Analysis of a Darcy-Stokes system modeling flow through vuggy porous media

Abstract

Our goal is to accurately model flow through subsurface systems composed of vuggy porous media. A vug is a small cavity in a porous medium which is large relative to the intergranular pore size. A vuggy porous medium is a porous medium with vugs scattered throughout it. While the vugs are often small, they can have a tremendous effect on the flow of fluid through the medium. We first introduce our microscale mathematical model for flow of an incompressible, viscous fluid in vuggy porous media. Our next step is to obtain a homogenized macroscale model. In order to do so, we assume periodicity of the medium. We obtain necessary existence and uniqueness results, error estimates, and slight generalizations of two-scale convergence results for bi-modal media.
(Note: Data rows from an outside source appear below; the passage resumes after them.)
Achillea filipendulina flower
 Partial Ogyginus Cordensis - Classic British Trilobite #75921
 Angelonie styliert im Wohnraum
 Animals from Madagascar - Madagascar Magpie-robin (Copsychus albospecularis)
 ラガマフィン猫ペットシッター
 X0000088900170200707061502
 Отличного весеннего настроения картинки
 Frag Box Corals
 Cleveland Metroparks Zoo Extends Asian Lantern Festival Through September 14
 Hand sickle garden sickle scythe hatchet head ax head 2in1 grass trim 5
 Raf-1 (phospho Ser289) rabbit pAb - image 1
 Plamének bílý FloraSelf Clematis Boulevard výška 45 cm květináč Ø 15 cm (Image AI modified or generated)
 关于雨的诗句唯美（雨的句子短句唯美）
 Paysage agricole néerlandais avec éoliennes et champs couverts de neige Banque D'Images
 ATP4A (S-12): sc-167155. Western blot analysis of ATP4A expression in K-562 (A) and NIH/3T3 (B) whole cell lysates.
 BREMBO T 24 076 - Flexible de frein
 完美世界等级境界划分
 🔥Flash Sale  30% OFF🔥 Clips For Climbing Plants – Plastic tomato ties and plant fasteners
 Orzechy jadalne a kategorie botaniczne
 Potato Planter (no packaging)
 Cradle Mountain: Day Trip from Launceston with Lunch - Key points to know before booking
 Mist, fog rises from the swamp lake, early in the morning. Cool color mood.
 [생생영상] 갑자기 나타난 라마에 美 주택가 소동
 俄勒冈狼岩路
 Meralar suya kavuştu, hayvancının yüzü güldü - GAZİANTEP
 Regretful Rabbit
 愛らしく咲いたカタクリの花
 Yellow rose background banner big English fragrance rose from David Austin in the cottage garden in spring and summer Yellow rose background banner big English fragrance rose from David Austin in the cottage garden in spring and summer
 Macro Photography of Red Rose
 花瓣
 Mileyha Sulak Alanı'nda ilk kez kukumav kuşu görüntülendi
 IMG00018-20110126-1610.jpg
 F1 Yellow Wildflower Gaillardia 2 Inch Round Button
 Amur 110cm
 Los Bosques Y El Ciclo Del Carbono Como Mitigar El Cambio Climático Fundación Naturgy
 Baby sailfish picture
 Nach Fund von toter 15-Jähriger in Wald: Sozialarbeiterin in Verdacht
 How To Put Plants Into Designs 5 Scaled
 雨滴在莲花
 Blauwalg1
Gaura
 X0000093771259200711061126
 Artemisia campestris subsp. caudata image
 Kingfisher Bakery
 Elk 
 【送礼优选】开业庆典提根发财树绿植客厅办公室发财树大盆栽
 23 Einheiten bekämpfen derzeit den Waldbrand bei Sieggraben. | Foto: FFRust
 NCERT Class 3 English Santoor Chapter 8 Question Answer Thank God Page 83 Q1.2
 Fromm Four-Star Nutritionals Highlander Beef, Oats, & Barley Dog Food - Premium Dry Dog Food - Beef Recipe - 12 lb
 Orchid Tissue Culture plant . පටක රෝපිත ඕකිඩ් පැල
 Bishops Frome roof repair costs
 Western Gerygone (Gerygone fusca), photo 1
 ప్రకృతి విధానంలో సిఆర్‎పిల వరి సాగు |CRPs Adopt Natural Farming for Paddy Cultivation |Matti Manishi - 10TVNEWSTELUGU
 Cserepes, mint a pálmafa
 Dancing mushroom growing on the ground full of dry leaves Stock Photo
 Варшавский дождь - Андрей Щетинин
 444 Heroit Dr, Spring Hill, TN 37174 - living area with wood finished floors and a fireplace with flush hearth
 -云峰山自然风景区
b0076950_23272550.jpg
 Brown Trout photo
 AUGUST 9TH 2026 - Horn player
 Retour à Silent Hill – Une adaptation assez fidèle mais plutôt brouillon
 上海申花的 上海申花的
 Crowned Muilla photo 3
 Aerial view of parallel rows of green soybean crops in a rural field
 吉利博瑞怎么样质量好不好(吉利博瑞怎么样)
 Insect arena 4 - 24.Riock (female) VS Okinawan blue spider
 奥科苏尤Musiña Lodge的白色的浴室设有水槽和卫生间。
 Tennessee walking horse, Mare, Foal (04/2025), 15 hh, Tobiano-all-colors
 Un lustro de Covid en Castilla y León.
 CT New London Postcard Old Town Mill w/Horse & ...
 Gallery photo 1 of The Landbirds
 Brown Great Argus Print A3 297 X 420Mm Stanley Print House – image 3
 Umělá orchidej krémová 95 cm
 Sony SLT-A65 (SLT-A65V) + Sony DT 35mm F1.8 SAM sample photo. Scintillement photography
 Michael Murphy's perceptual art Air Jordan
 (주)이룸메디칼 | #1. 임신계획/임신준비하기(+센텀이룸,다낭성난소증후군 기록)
First using formal homogenization and then the rigorous two-scale convergence method, we show that our microscale model homogenizes to give a much simpler modified Darcy’s law macroscale model. In this homogenized model, the permeability tensor is modified to capture the effects of the vugs on the flow through the medium. In order to compute the homogenized permeability tensor, we essentially compute our microscale system on a (much smaller) representative cell. Toward this end, we introduce two numerical methods for the microscale model. We combine a discontinuous Galerkin method with a low order RaviartThomas element and obtain suboptimal convergence rates for the first method. The second method differs only slightly from the first, but yields optimal convergence rates. Unfortunately, it is less efficient in practical implementations.